Even in civil actions it is well settled that fraud respecting the identical act to be avoided must be pleaded before it becomes an issuable fact. It cannot be pleaded in general terms, but the essential constitutive facts must be specified. “Fraud is never presumed, and in order to entitle a party to relief either at law or in equity on that ground it is essential that the fraud be distinctly alleged in the pleadings, so that it may be put in issue, and evidence thereof given. * * * In the absence of such an allegation, evidence of fraud will not be received at the trial.” 9 Enc. of PI. & Prac. 684, 685. “The reason of this rule is that fraud is a conclusion of law from the facts stated, and it is a well-settled rule of pleading that facts, and not legal conclusions, are to be pleaded. Mere general averments of fraud or the fraudulent conduct of a party, without the facts, do not constitute a statement upon which the court can pronounce judgment.” Id. 686, 68?. “Every material fact to which the plaintiff means to offer evidence ought to be distinctly stated in the premises. If fraud is charged, it must be distinctly and clearly set out.” Story, Eq. Pl. par. 28, 251; Noonan v. Braley, 2 Black (U. S.) 499, 17 L. Ed. 278; Knox v. Smith, 4 How. (U. S.) 298, 311, 11 L. Ed. 983; Brooks v. O’Hara (C. C.) 8 Fed. 529, 532; Hazard v. Griswold (C. C.) 21 Fed. 178, 179. So in Phelps v. Elliott (C. C.) 35 Fed. 455, 461, it is said:

“The proofs must be according to tlie allegations of the parties, and if the proofs go to matters not within the allegations, the court cannot judicially act upon them as a ground for decision, for the pleadings do not put them in contestation. * * * A party can no more succeed upon a case proved hut not alleged than upon a case alleged but not proved.”

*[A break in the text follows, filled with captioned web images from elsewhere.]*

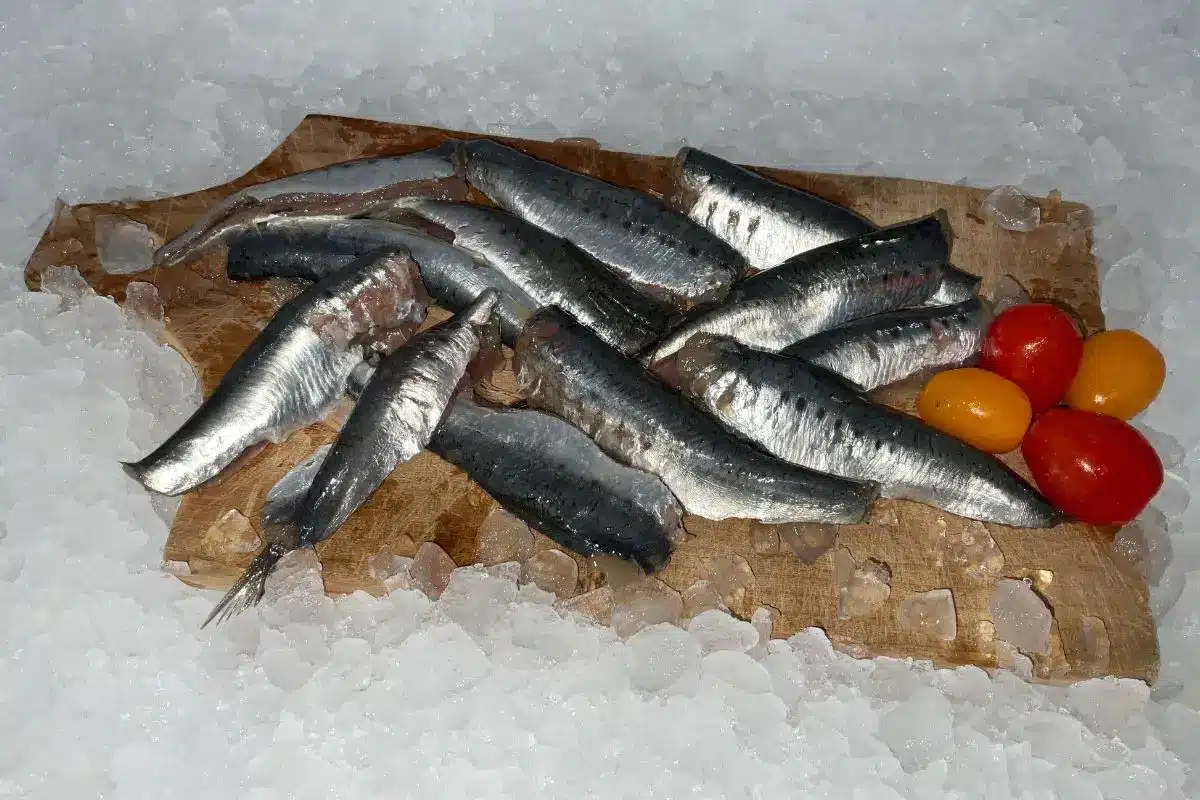 filet de sardine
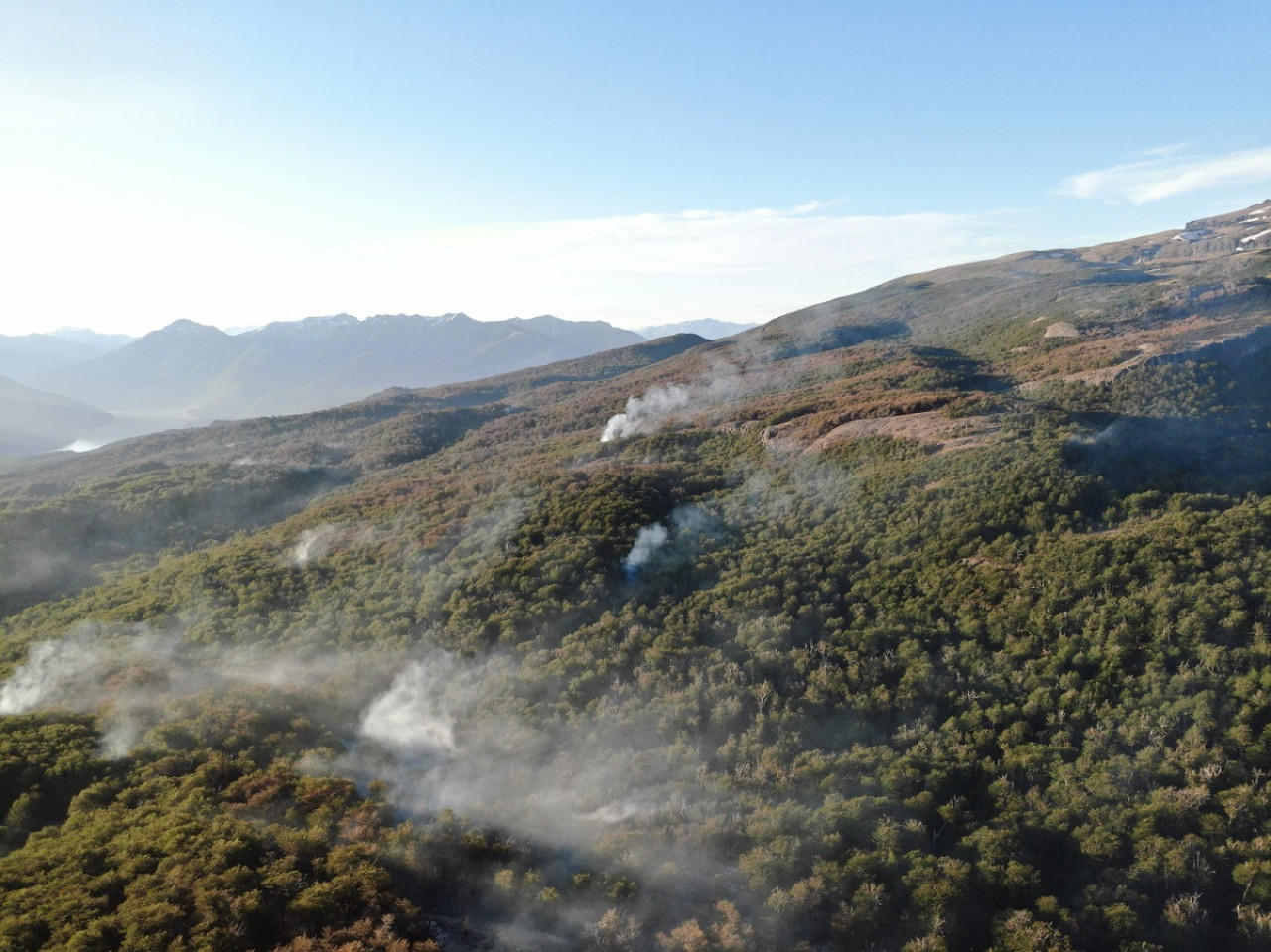 Incendio en el Parque Nacional Los Alerces. Foto: Télam.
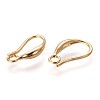 Brass Earring Hooks LS-KK-L177-29G-1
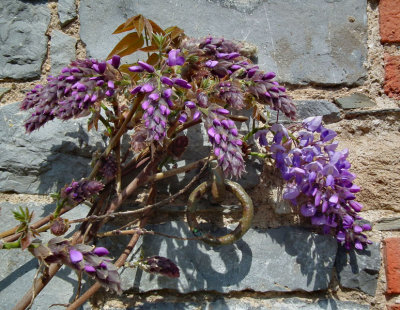 Ballymascanlan hotel _wisteria on outbuildings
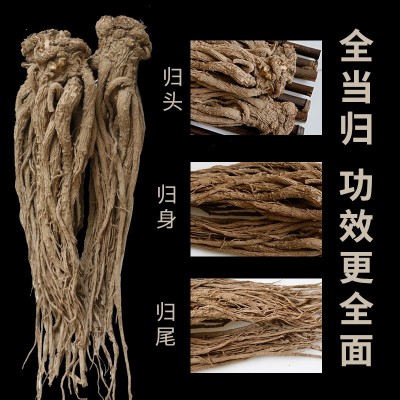 甘肃产地直销甘肃岷县当归农产品当归条批发中药材非野生当 归批发图2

If this were a proceeding in equity to compel restitution of the money covered by the checks in question, on the ground that the defendant at the time had no credit in the bank entitling him to draw on *294the bank, when the books of the bank as a matter of fact showed that at the time .the checks were drawn there was an apparent credit,of anterior specific date, the entry of a sum to the defendant’s credit sufficient in amount to cover such checks, if it were the purpose of the complainant to attack such entry as fraudulent, false, and fictitious, by all the established rules of pleading he would be required, by direct averments in the bill, to falsify the entry in order to open up the account for rectification before any such proof could be admitted. 1 Enc. Pl. & Prac. 107; Bispham’s Prin. of Eq. (5th Ed.) § 486. Indeed, there is authority from which the conclusion might be drawn that where such credit entry is given on the books of a bank, and the depositor receives from the bank the usual' checkbook, in which said deposit was entered by the receiving teller of the bank (a custom so universal as to well warrant tire court in concluding it was observed in this instance) on which the customer is drawing, the checkbook being, posted, the transaction partakes of the nature of an account stated, the effect of which can only be avoided in equity by a bill' surcharging or falsifying it. Leather Mfrs. Nat. Bank v. Morgan, 117 U. S. 96, 6 Sup. Ct. 657; 29 L. Ed. 811; McKeen v. Bank, 74 Mo. App. 281, 286; 1 Morse on Banks and Banking (4th Ed.) § 291.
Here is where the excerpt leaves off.